Moi-même, pourtant peu porté sur le spleen, dans mon premier recueil, « Amours d’un soir fin septembre »(2), j’ai reconnu cette douleur dans le poème « En passant par Paris », tout en l’allégeant, sinon en la guérissant par le bonheur saisi dans l’instant (carpe diem). En voici la dernière strophe : « Mais le flirt suggéré, gratuite connivence, Le sourire en passant, dénudant mais pudique, Appuyé aux Tuileries et envolé à La Défense, est baiser éternel au souvenir magnifique » . Ici, la permanence du souvenir, source de joie, console de la perte. C’est tout ce qui reste. C’est tout ce qui peut subsister. Mais n’est-ce pas là l’essentiel ?

La passante peut être légère. Dans « Soeur inconnue », encore un poème de mon recueil « Amours d’un soir fin septembre » elle reste éphémère tout en s’inscrivant dans la durée : « Toi la passante, dont le chemin, / jour après jour, toujours le même, / croise ma route, certes, en vain, / depuis trente ans, inconnue, je t’aime. // De ton sourire – c’est tout ce que j’ai – les frôlements distants je chéris. / Tu es comme un sœur, mais un jour, qui sait, / dans l’au-delà ou au paradis / l’amour que nous n’avons pas fait / vêtu d’inceste nous sera permis. »

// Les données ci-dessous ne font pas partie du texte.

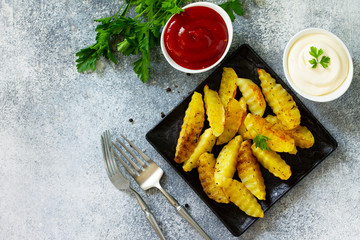 Fast food. Baked potatoes with spices, slices on slate or stone, served with mayonnaise and ketchup sauce. Top view on a flat background. Copy space.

Elle ne promet rien. Nettement moins pessimiste, Charles Trenet, lui, propose gentiment à sa passante : « Vous, qui passez sans me voir, Sans même me dire bonsoir, Donnez-moi un peu d’espoir, ce soir... » . Le « carpe diem » est ici essentiel, quitte à ce que le « di » (jour) devienne soir...

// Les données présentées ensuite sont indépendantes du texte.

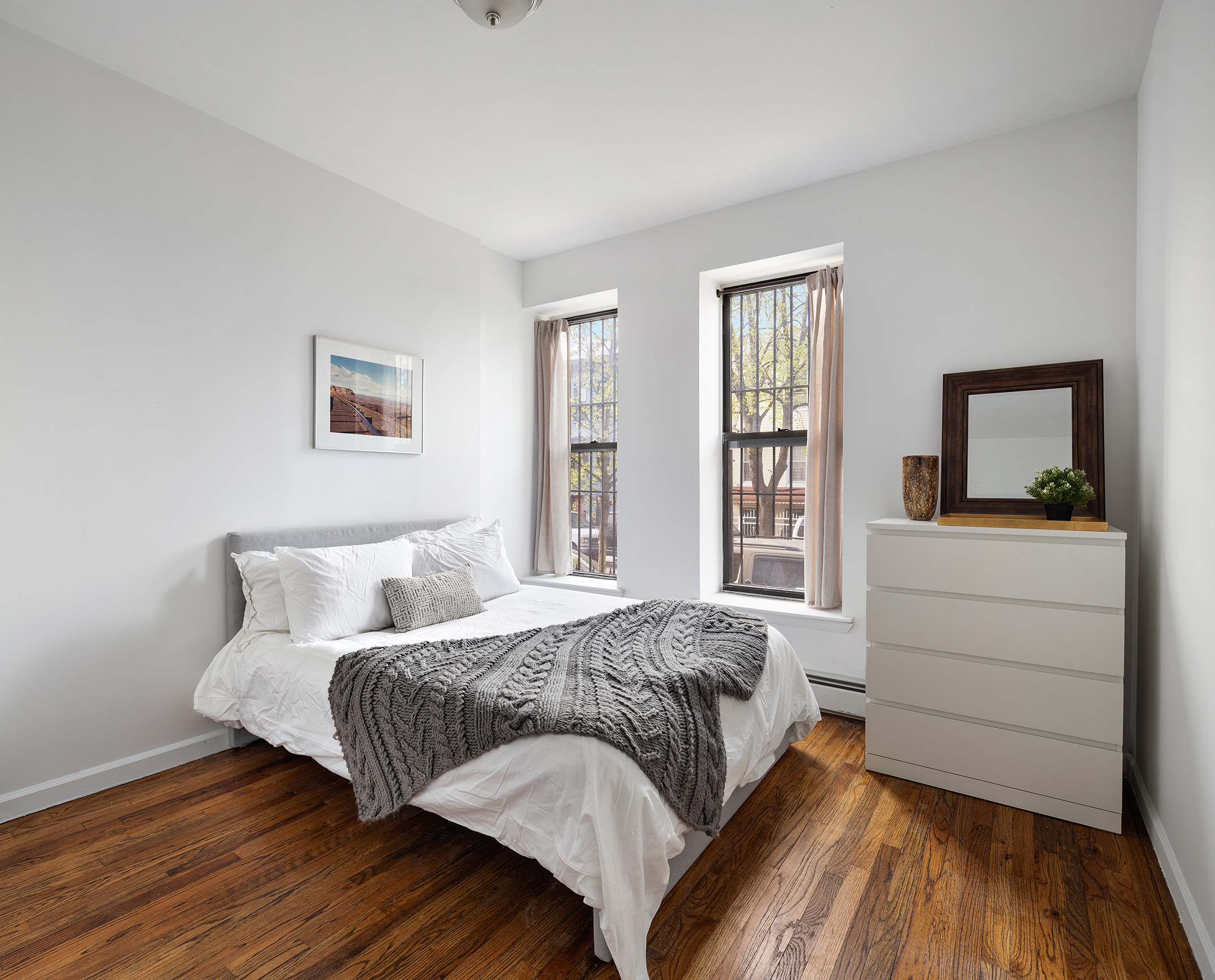 246 Sumpter Street, Unit 1C Brooklyn, NY 11233 - Photo 4 of 12 a bedroom with a bed and a large window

Elle provoque (plus inconsciente que coquette). Afin de ne pas laisser s’envoler la chance, la belle, notre passante donc, Victor Hugo, dans « L’Âme en fleur » de ses « Contemplations », la provoque à son tour : « Si vous n’avez rien à me dire, / Pourquoi venir auprès de moi ? / Pourquoi me faire ce sourire / Qui tournerait la tête au roi ? / Si vous n’avez rien à me dire, / Pourquoi venir auprès de moi ? » et, plus loin, allant jusqu’à se voir lui-même comme passant, « Si vous voulez que je m’en aille, Pourquoi passez-vous par ici ? / Lorsque je vous vois, je tressaille : / C’est ma joie et mon souci. »

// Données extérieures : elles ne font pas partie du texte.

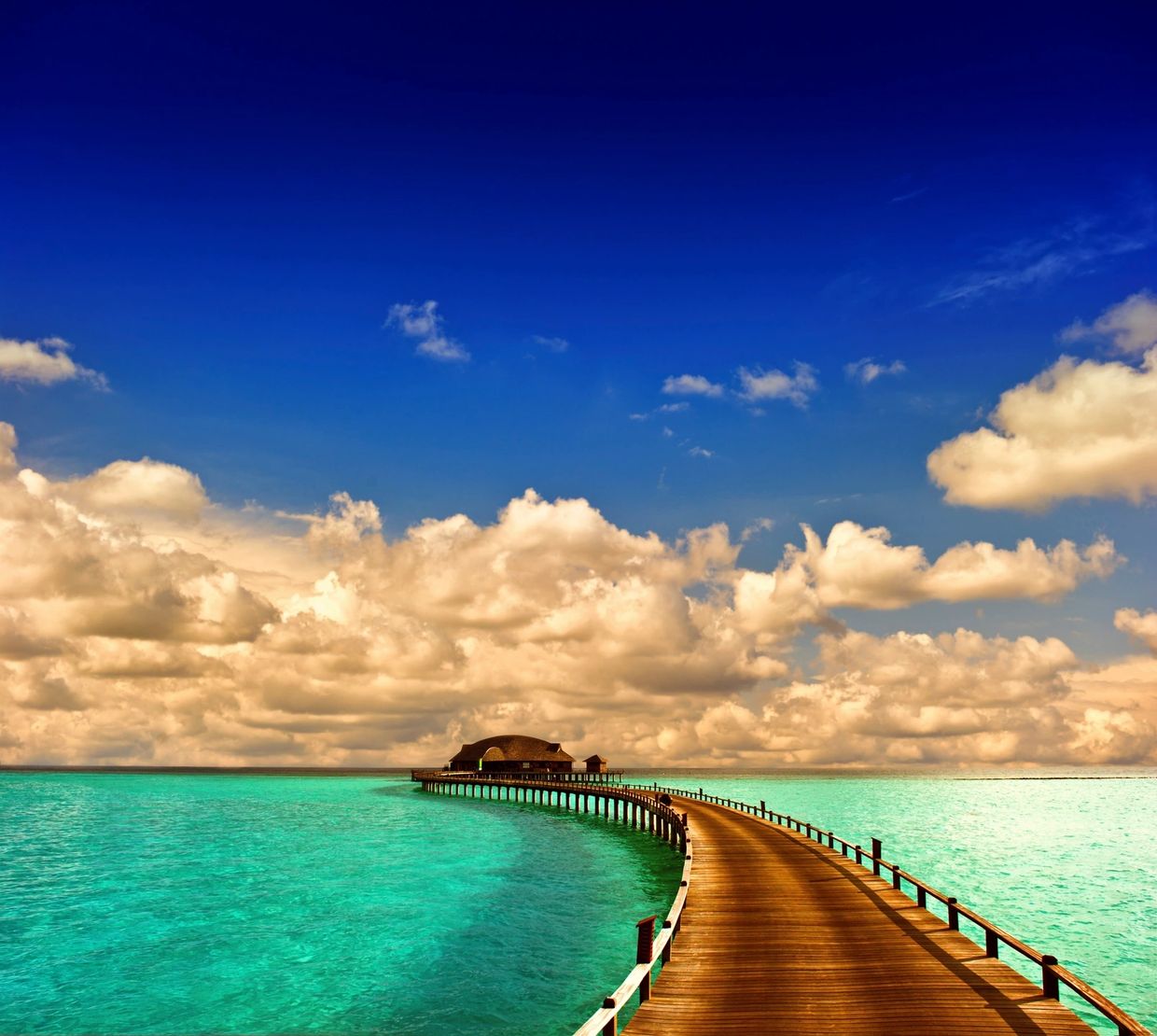 A serene pier extends into turquoise waters under a dramatic cloudy sky.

Éphémère, elle ne fait que passer. Dans ses Odelettes, Gérard de Nerval croise la passante en gaieté, celle qu’il évoque dans « Une allée du Luxembourg », un peu comme chez Trenet ou même chez moi, mais la ramène tôt fait à une métaphore de sa propre jeunesse qui s’achève, du temps qui passe, du bonheur qui fuit : « Elle a passé, la jeune fille, / Vive et preste comme un oiseau ; / A la main une fleur qui brille, / A la bouche un refrain nouveau. (...) Mais non, ma jeunesse est finie... / Adieu, doux rayon qui m’as lui (3), / Parfum, jeune fille, harmonie... / Le bonheur passait, il a fui ! »

Elle est parfois tragique. « La passante » mystérieuse du poète canadien Emile Nelligan, revêt le même sens métaphorique que celle de Nerval, mais annonce d’emblée la couleur ou, plutôt, le deuil de son état. Voici donc ce sonnet, si beau que je ne peux l’amputer : « Hier, j’ai vu passer, comme une ombre qu’on plaint, / En un grand parc obscur, une femme voilée : / Funèbre et singulière, elle s’en est allée, / Recélant sa fierté sous son masque opalin. // Et rien que d’un regard, par ce soir cristallin, / J’eus deviné bientôt sa douleur refoulée ; / Puis elle disparut en quelque noire allée / Propice au deuil profond dont son coeur était plein. // Ma jeunesse est pareille à la pauvre passante : / Beaucoup la croiseront ici-bas dans la sente / Où la vie à la tombe âprement nous conduit ; / Tous la verront passer, feuille sèche à la brise / Qui tourbillonne, tombe et se fane en la nuit ; / Mais nul ne l’aimera, nul ne l’aura comprise. »

Elle est insaisissable. Ainsi dans « Les Passantes » d’Antoine Pol, dédicace au fugitif phantasme de l’éternel féminin, mis en musique et chanté par Georges Brassens, la consolation du souvenir n’empêche pas le regret. Je la chantonnais parfois, jeune frontalier, dans le train entre Luxembourg et mon boulot à Troisdorf : « Je veux dédier ce poème (...) À la compagne de voyage / Dont les yeux, charmant paysage / Font paraître court le chemin / Qu’on est seul, peut-être, à comprendre / Et qu’on laisse pourtant descendre / Sans avoir effleuré sa main (...) Alors, aux soirs de lassitude / Tout en peuplant sa solitude / Des fantômes du souvenir / On pleure les lèvres absentes / De toutes ces belles passantes / Que l’on n’a pas su retenir »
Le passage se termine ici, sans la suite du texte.